Помянутая только что черта благожелательности находится в связи с другой, которая иным представляется какими-то моими педагогическими способностями. Это верно, что я оказал немалое влияние на развитие, на образование моих друзей и, в частности, на того, кто приобрел мировую известность, – на Дягилева. Но под этим не было и тени какого-то планомерного воздействия и тем менее чего-то педантичного. Просто, исполняясь восторгом от того или другого проявления человеческого гения и не будучи в силах нести один этот восторг, я бывал вынужден делиться им, мало того, навязывать его другим. Я навязывал свой восторг для их же пользы, – для того, чтобы и они порадовались так, как я радуюсь. При этом сила восторга во мне всегда такова, что я не терпел возражений и доходил в своем навязывании даже до насилия. Не имея никакого плана, я однако интриговал бессознательно и интуитивно, прибегая к некоторой системе для того, чтобы завербовать кого-либо (к кому я чувствовал влечение) в свой лагерь. Но, разумеется, мои эти интриганские приемы были не только чисты от какого-либо расчета материального порядка, но они не знали и велений честолюбия. Мне совсем не интересно было вставать во главе какого-либо движения, какой-либо группы лиц, и это отсутствие во мне честолюбивых замыслов приводило к тому, что даже там, где я бывал официально «начальником» по своему положению, я старался стать со своими подчиненными на товарищескую ногу, что, разумеется, не всегда способствовало моему авторитету. Эта страсть заражать других, этот прозелитизм не имел опять-таки в себе чего-либо общественного. Напротив, мое отвращение к тому, чтобы входить в контакт с толпой, было всегда непреодолимым. Оно и мешало мне выступать на общественном поприще. Ненависть эта, однако, не зиждется на каком-либо презрении к толпе – чувство, мне абсолютно неизвестное, страх же толпы носит у меня скорее патологический характер. Это еще один из моих неизлечимых и весьма невыгодных пороков.
Что же касается моего отношения к искусству, то надо различать два момента: я в одно и то же время любитель искусства (и знаток его), я и творец-художник. Иначе говоря, я являюсь и получающим и дающим субъектом.

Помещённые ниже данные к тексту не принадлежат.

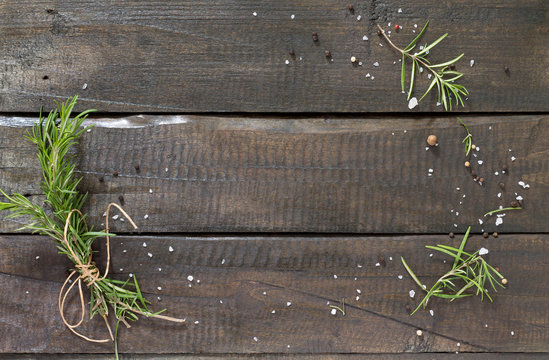 Sprigs of rosemary tied with string on a wooden table. Copy spac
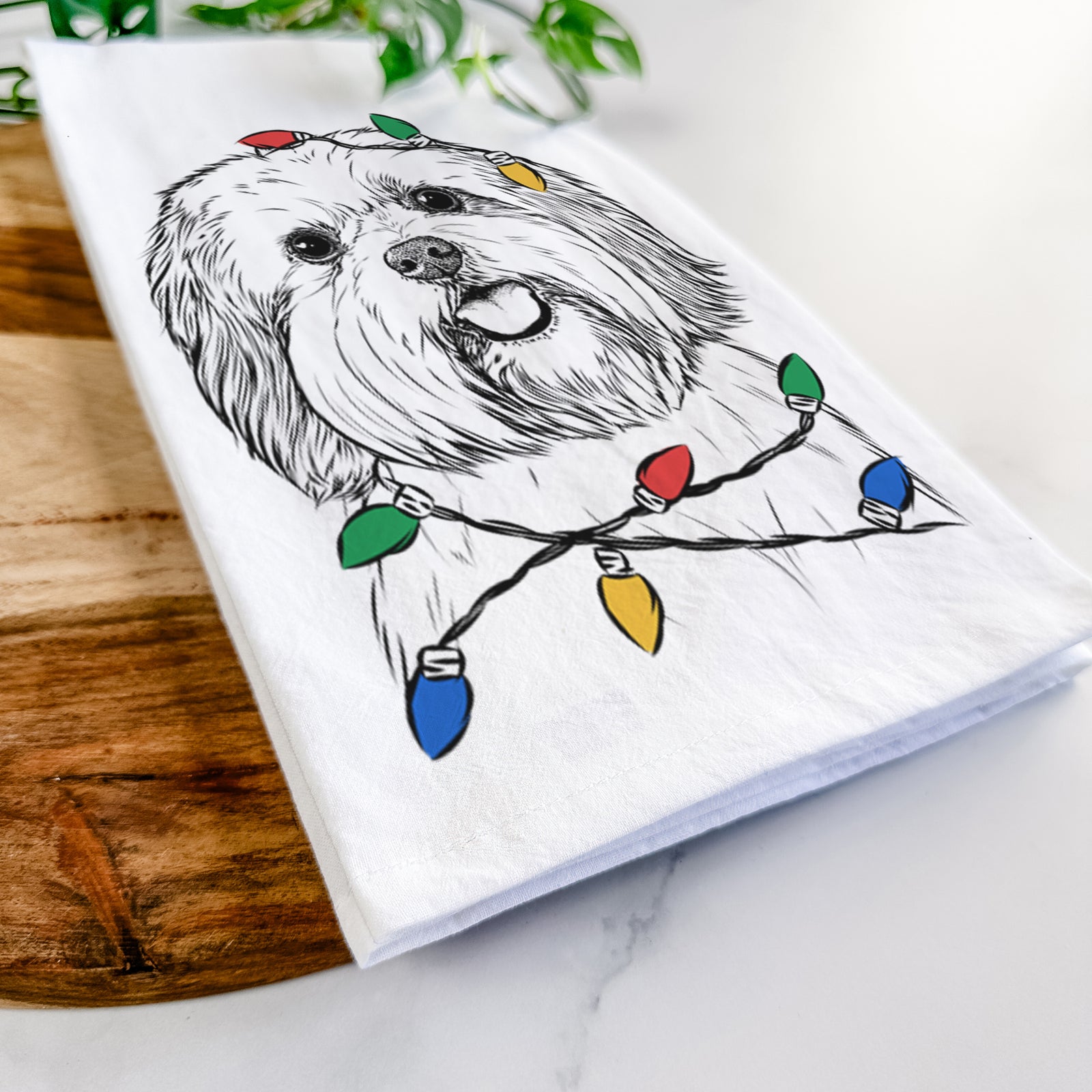 Hand-drawn sketch of Nikka the Lowchen wrapped in Christmas lights on a tea towel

Мой интерес к художественным произведениям, естественно приведший меня и к «знаточеству», стал проявляться с очень ранних лет. Скажут, что, рожденный и воспитанный в художественной семье, я просто не мог избегнуть такой семейной заразы, что я не мог не интересоваться искусством, раз вокруг меня было столько людей, начиная с моего отца, кто знали в нем толк и обладали художественными талантами. Однако среда средой (не мне отрицать ее значение), но все же, несомненно, во мне было заложено нечто, чего не было в других, в той же среде воспитывавшихся, и это заставляло меня по-иному и с большей интенсивностью впитывать в себя всякие впечатления. В старину это называлось «священным огнем», «благодатью Аполлона», теперь эти выражения кажутся смешными, но мне они представляются не пустой риторикой, а сущей простой правдой. Бывают натуры почему-то более отзывчивые, более горящие, нежели другие. Что касается меня, то горение во мне было (и продолжает быть) такой силы, что оно даже доставляло мне страдание, – страдание, связанное с величайшей радостью и тем самым имеющее в себе нечто родственное с наслаждениями любовными…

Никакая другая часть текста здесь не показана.